I'll leave it at that for right now, I just have too much going on this second!


----------



## Screamin_99 (Jul 27, 2006)

I will try to get a pic of the current setup and let you see what is going on.

also. no I didnt add nothing just filled it up. but there is probably some in the water since its city and they probably add God knows what in it.

so Im gonna try this.

- shadeing the pond a little more.

- daining the water letting it dry up put new water in run that for about a week. then add in some stuff to clean the water like the purifiers and stuff to condition it.

- add 3 goldfish first then maybe add 3 more a little later..

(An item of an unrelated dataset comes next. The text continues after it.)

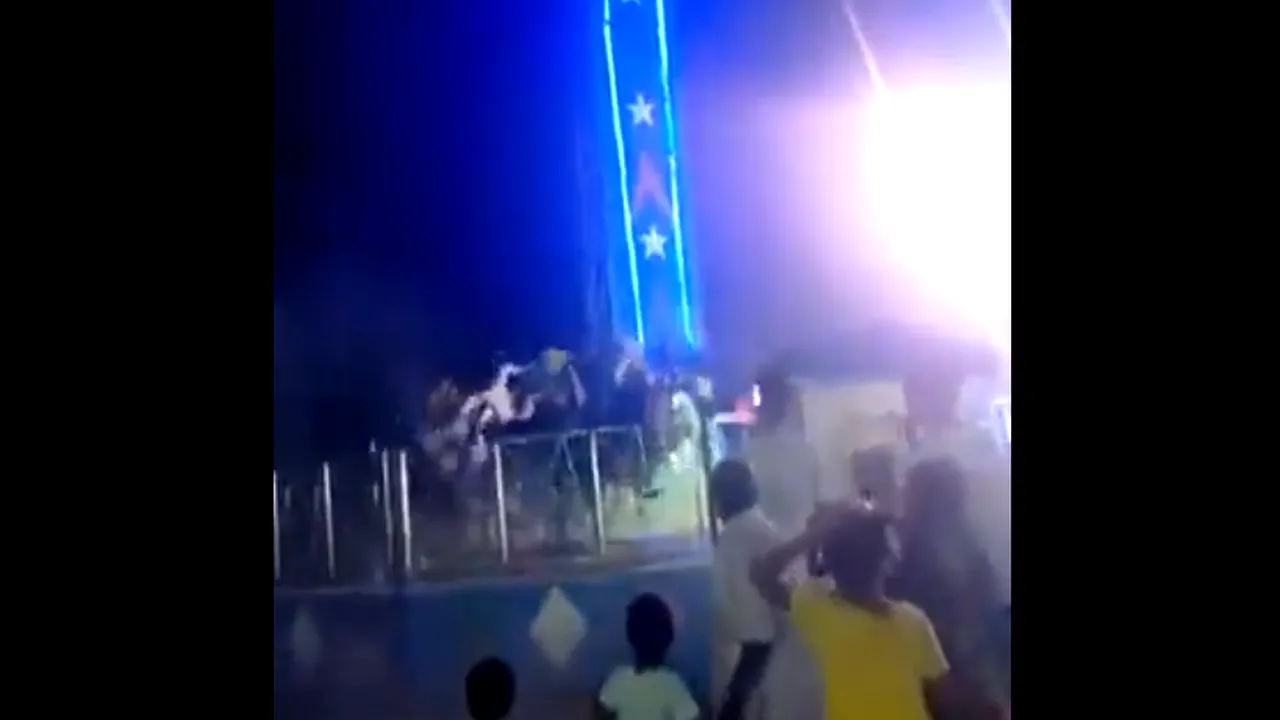Imagini terifiante dintr-un parc de distracţii. Un carusel s-a defectat şi a izbit de pământ peste 50 de persoane 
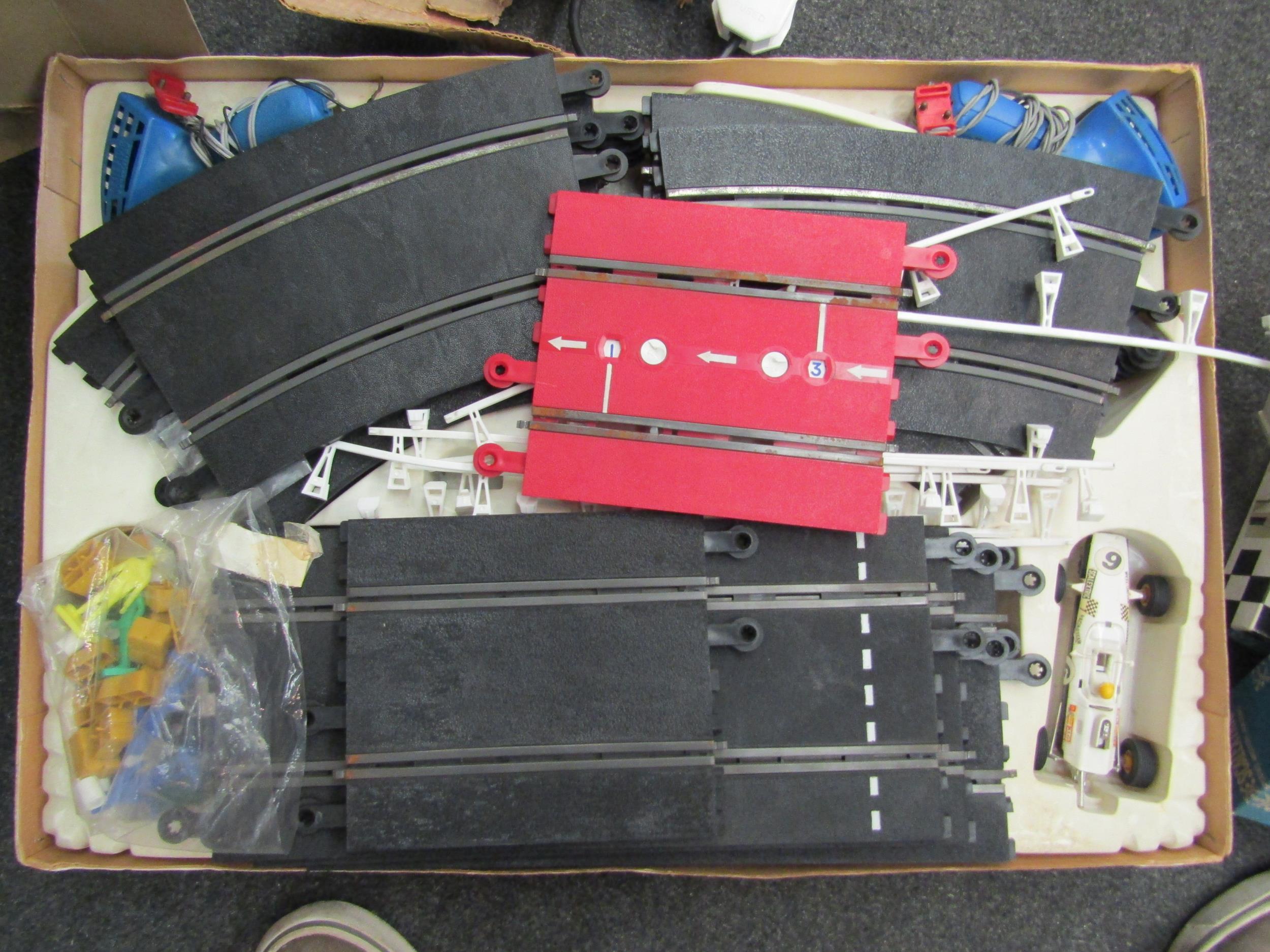 Vintage Scalextric Team Set 35 with original racing cars and accessories - Image 2 of 3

how many goldfish is too many to put/have in said pond?


----------



## MarineFish (Mar 6, 2006)

ok i want to add a few things......

1. you added the feeder goldfish later IMHO Don't add feeder goldfish!!!! they often carry ich and other desieses from lack of care

2. try as best as possible to stay away from the algeafix/algea destroyer adding just a tad too much can kill your fish as it helps removed oxygen from the water

3. you need some plants like hyacinth and water lettuce to help provide soem shade or if nothign else get a few clay pots to put in bottom to provide shade

4. try adn use some kinda tap water conditioner they was probablly what led to the death of your fish although over time some of these other factors may have as well

Because of the heat and everythign if i could i would try and provide more water circulation. If you have any other questions let us know!!! But there are other much better ways to fight algae other than nasty chemicals!!!

Thanks,
MarineFish~MF~Brad Hall


----------



## Screamin_99 (Jul 27, 2006)

thank you very much...


I will try to see about getting that pic today. but as far as circulation goes what could I do in terms of that.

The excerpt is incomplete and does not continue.